In 2021, the most recent year for which complete data is available, 48,830 people died from gun-related injuries in the US, according to the CDC. That figure includes gun murders and gun suicides. Some 54 per cent of all gun-related deaths were suicides (26,328), while 43 per cent were murders (20,958).

About eight-in-ten US murders in 2021 – 20,958 out of 26,031, or 81 per cent – involved a firearm. That marked the highest percentage since at least 1968. More than half of all suicides in 2021 – 26,328 out of 48,183, or 55 per cent – also involved a gun, the highest percentage since 2001.

So, even as Americans have more guns, they’re less safe.

“Perhaps the most troubling aspect of gun ownership for ‘protection’ is the sharp-edged individualism it implies: an every-man-for-himself mind-set. Institutions can’t be trusted, police will be unresponsive, and the government might one day turn on you. Your only obligations are to yourself and your family,” Emba writes.

“Individual fear becomes a greater priority than collective safety. Increasing the number of guns in the system will almost certainly spell death for others, but at least your gun will keep you safe.”

The irony is lost on the diehards, however, who, as Emba notes, adhere to the NRA mantra: “An armed society is a polite society.”

“But guns might be leading us to give up on the concept of society altogether.”

That’s a real concern, one that goes beyond guns and violence, even. Civil society is increasingly under threat.

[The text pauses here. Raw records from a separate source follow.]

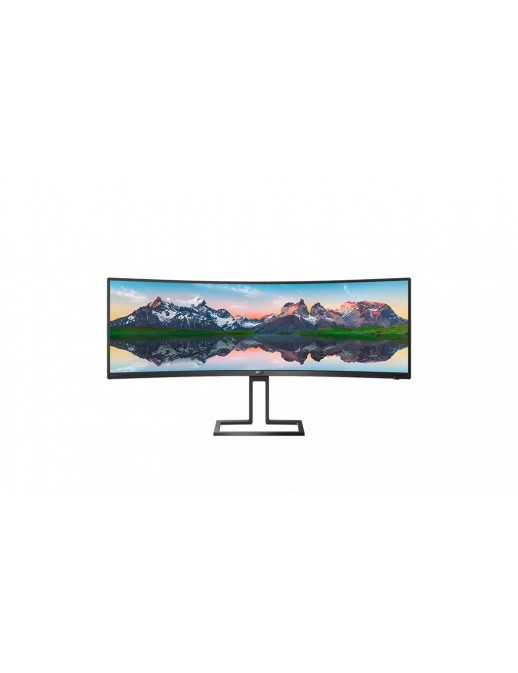 498P9/00 Philips Monitor 48.8" VA WLED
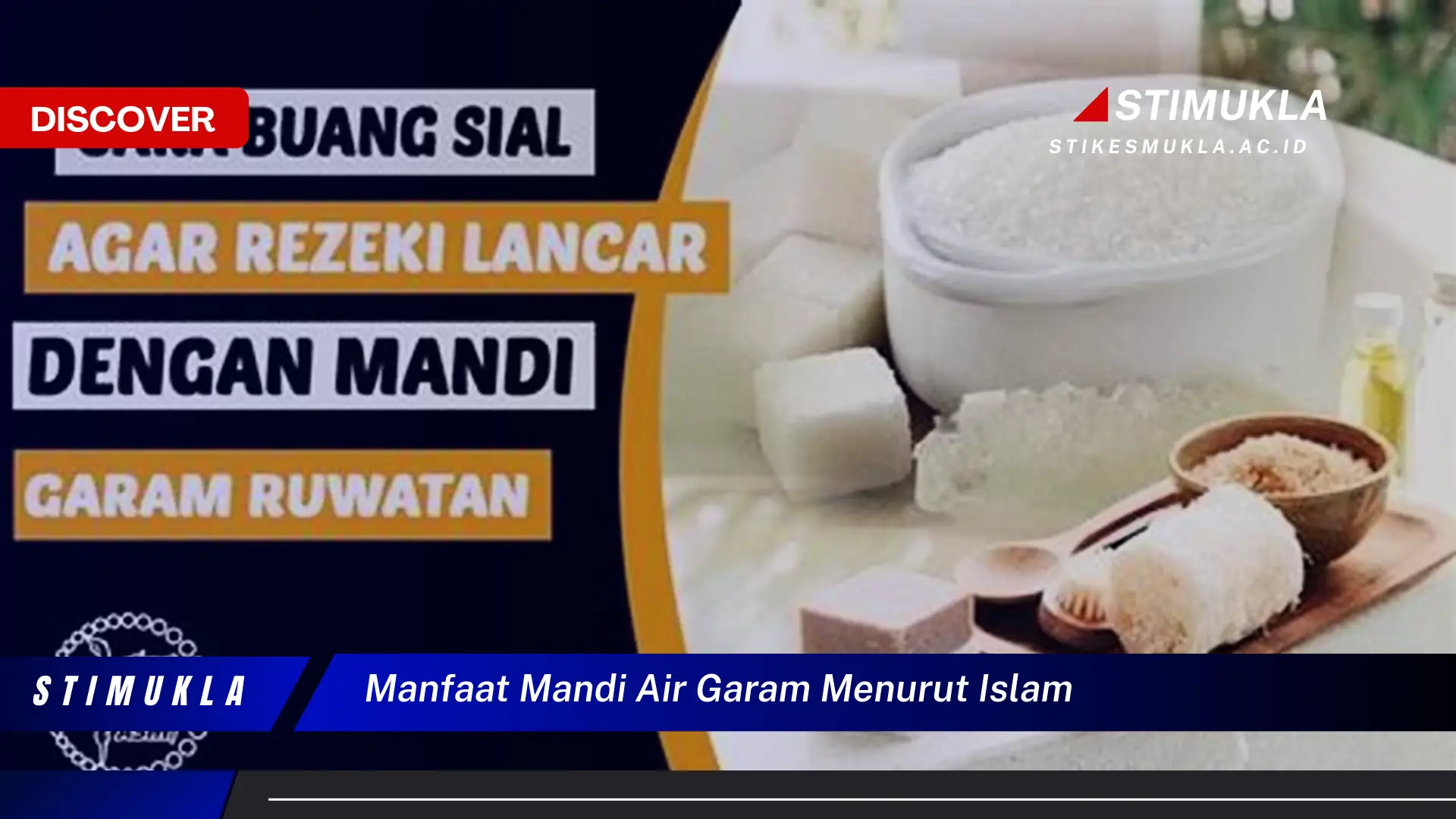 manfaat mandi air garam menurut islam manfaat mandi air garam menurut islam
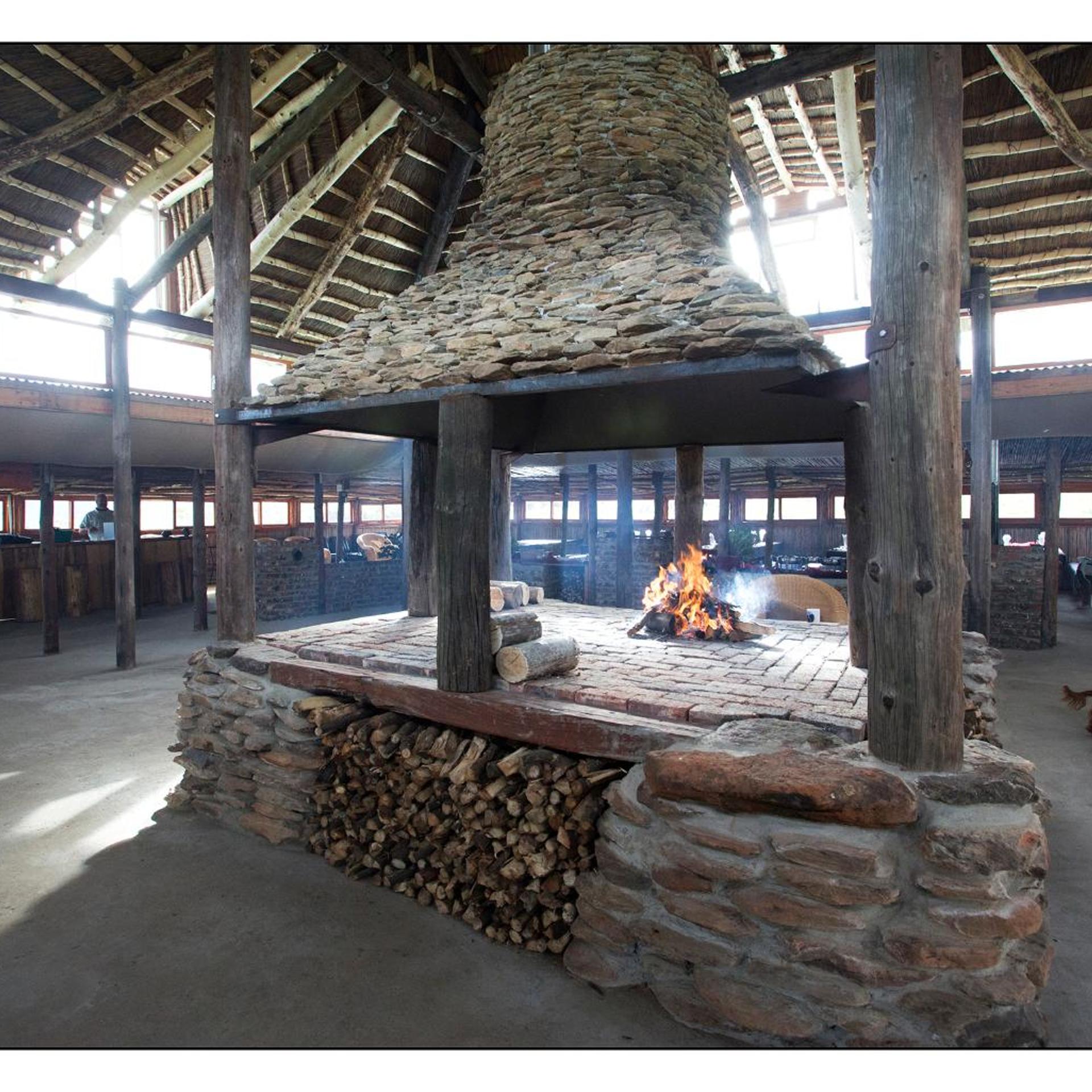 Swartberg Pass Cottages 20/50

There’s nothing wrong with looking out for personal interests, but we’re in danger of forgetting that most of the widespread gains of the postwar years stem from socially-driven ideas. In purely economic terms, the collective efforts are the rising tide that lifted all boats – some more so than others, certainly. Today, however, there’s an element that seems hell-bent on undoing precisely the conditions that allowed for the great prosperity now under attack by neoliberal government policies, for instance.

We’re increasingly isolationist as individuals, a trend that manifests itself in the likes of decreasing transit ridership due to safety concerns and home-based entertainment versus shared public forums.

Given the evolution of our societies, especially increasingly crowded urban living, we are a collective by default, even as divisive politics play on our basest individualistic instincts. If we’re part of a society – and there really is not getting around that – then we have to have some societal norms and some mutual respect.

Such a view of civil society is under attack as we see the rise of the worst kind of nationalism, a creeping fascism that has reduced discourse to a whole lot of shouting and sloganeering. The very nature of a shared language needed for civility is disparaged.

Gun violence is the worst form of antisocial behaviour, but its increase can be correlated with every step we take towards a me-first attitude that insists that in order for me to succeed, everyone else has to fail.